You might call it a friendly reminder. That's what Washington observers were saying about an unusual two-page letter sent by Sen. Saxby Chambliss, R-Ga., to Agriculture Secretary Mike Johanns and U.S. Trade Representative Rob Portman.
Chambliss, chairman of the Senate Agriculture Committee, fired off the letter on Oct. 9 after Portman said he planned to offer to reduce U.S. farm subsidies by 60 percent to try to restart the stalled Doha Round negotiations in the WTO in Zurich, Switzerland. The letter was released to the agricultural media on Oct. 11.

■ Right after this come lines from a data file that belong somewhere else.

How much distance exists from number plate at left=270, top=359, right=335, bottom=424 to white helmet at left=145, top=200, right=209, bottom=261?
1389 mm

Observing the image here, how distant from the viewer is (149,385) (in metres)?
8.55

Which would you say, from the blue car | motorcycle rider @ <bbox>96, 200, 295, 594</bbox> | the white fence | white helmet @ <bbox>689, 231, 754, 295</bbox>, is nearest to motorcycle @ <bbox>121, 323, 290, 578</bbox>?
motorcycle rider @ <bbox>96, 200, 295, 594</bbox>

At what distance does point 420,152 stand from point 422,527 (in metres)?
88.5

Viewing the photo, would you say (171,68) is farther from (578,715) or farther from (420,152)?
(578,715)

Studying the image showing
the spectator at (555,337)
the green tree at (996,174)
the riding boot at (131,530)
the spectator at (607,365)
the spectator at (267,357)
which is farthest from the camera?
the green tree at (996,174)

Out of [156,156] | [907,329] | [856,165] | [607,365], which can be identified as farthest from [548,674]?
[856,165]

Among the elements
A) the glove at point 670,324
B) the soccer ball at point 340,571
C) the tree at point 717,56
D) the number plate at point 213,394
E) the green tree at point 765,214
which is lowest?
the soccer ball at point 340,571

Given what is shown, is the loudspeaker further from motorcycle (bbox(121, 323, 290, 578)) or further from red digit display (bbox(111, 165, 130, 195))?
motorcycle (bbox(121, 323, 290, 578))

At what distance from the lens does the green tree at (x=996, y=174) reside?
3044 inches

Noting that the Doha negotiations seemed to be at a critical point, Chambliss said he wanted to express his concern regarding proposals from the European Union “and others” that would dramatically reduce U.S. farm support. Then he delivered the kicker:
“As chairman of the Senate Agriculture Committee, I have a responsibility and duty to protect the farm safety net and ensure the Farm Security and Rural Investment Act passed by Congress and signed by the president remains intact through 2007. I believe that an agreement that genuinely results in a more market-driven international trading system would be good for the United States and for the rest of the world. Unfortunately, it appears that some of our trading partners are asking for a lot while offering very little.”

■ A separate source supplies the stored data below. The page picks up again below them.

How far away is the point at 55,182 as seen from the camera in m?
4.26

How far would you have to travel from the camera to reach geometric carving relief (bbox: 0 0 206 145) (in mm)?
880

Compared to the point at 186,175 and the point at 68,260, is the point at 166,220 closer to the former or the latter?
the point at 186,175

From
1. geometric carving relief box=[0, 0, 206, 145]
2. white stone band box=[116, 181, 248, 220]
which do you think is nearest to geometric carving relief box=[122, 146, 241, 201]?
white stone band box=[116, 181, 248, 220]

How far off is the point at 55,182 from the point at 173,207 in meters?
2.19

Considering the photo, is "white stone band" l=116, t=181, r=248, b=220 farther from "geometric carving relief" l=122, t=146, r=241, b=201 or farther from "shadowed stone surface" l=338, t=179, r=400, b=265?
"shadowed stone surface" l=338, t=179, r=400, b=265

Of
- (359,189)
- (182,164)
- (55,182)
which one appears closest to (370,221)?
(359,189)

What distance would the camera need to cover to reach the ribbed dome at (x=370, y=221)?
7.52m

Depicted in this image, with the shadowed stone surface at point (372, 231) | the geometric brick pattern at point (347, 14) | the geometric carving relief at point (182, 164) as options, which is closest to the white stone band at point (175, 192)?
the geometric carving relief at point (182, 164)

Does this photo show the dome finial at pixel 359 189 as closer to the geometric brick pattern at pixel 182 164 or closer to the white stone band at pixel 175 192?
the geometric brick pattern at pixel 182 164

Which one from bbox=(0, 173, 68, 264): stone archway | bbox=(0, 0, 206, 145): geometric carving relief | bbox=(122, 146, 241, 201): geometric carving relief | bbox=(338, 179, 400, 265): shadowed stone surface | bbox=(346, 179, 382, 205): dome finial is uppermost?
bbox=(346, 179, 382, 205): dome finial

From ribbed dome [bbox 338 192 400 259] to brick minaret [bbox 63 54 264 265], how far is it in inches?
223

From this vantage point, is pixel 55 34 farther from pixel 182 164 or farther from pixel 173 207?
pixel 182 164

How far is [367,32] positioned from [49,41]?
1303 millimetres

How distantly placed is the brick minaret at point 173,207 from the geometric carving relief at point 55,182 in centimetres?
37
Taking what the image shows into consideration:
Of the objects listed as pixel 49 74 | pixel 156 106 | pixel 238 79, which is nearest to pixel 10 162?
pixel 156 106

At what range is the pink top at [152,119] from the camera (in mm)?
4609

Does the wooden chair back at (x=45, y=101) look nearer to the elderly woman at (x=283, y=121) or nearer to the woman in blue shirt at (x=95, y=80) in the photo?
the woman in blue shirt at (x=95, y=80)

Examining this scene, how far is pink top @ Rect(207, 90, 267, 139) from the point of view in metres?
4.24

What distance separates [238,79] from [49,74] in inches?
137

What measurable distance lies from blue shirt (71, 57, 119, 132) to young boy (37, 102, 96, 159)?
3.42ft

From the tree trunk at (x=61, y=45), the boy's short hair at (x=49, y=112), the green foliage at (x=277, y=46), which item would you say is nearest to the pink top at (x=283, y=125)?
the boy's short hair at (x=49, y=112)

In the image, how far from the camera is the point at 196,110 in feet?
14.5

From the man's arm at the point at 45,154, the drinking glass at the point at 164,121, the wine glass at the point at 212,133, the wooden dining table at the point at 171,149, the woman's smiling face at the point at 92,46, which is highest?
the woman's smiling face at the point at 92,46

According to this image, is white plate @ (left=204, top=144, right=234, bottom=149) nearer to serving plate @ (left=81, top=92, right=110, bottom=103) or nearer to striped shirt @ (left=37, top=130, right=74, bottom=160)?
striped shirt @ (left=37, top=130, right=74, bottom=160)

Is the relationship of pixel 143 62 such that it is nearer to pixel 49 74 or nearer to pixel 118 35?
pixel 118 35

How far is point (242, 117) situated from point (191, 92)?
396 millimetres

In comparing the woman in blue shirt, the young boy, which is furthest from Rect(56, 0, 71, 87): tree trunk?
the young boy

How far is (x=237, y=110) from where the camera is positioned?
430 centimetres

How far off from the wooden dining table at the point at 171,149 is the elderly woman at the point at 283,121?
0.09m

Johanns, attending the Doha Round negotiations in Zurich with Portman, said he would not comment on Chambliss' letter since he hadn't seen it. The secretary spoke with reporters over a conference call.
In the letter, Chambliss spelled out five principles that he said must guide any WTO agreement that would gain his support pertaining to the so-called “domestic pillar” of the Doha Round agreement.
No net reduction in the farm safety net. “I understand that existing programs will face new limits in a Doha Round agreement, but care should be taken to ensure that resources currently committed to all titles of the farm bill remain available when it is reauthorized in 2007,” he said.
Chambliss called on the president and USDA to protect the current baseline for agriculture spending. “I firmly believe the United States should commit to reduce trade distorting domestic support in exchange for other forms, but it should not reduce overall farm program expenditures in the negotiations. Domestic budget decisions are best determined by the president and elected members of Congress. With ample resources, farmers and ranchers will better manage whatever transition will be necessary resulting from a final agreement.”
— Negotiations should proceed as a single undertaking. The negotiations should not isolate any particular commodity for “early harvests,” and commitments in agriculture must be part of a single undertaking. Efforts to single cotton out for special treatment by other WTO members are misguided and threaten support for the overall Doha Round in Congress, Chambliss noted.
The new blue box should accommodate the U.S. counter-cyclical program. “Negotiators should adhere to the agreement made last summer shifting counter-cyclical payments from the amber box to the blue box,” he said. “Efforts to eliminate the blue box should be opposed. Overall caps are not objectionable, however, product specific caps should not be part of limits placed on either amber or blue box support.” (Amber and blue refer to the categories of different types of farm price supports under discussion in the WTO.)
Reasonable period of implementation. The broad reforms being discussed in the agriculture negotiations will require time to implement, Chambliss noted. “Any significant changes in the structure of U.S. domestic support programs will cause some economic hardship in rural America. The United States can commit to substantial down payments in the first years of an agreement, but Congress must have adequate time extending over a period of time (i.e. minimum 10 years) to implement larger and deeper reforms in domestic support. The agriculture economy should not be subject to rapid shocks as part of the negotiations.”
Greater certainty and predictability regarding WTO litigation. “WTO rules need to provide greater certainty and predictability so that farm programs designed to meet WTO requirements are not subject to arbitrary and capricious rulings in WTO litigation. A final agreement should maximize protection for farmers and ranchers while providing flexibility for new mechanisms to maintain the farm safety net.
Chambliss said he wants to work with Johanns and Portman to ensure a new WTO agreement will follow those principles.
“However, let me caution you that the negotiations and modalities should not pre-empt the responsibilities and prerogatives of Congress,” he said. “The agriculture negotiations can set the broad parameters of spending limits, but they should not write the next farm bill.
“Let me be clear, the Congress will be writing the next farm bill in 2007, and I am deeply concerned the administration is using the current negotiations to reshape farm policy without the full input of Congress and grassroots support. Any substantial structural changes to the farm safety net must account for the varying types of agriculture in the United States.”
The senator said policies best suited for the eastern Com Belt, for example, may not be appropriate for southern agriculture or that found in the western states. “I am looking forward to a successful conclusion to the negotiations, but not at the risk of a bad agreement that lacks the support of farmers and ranchers in the United States.”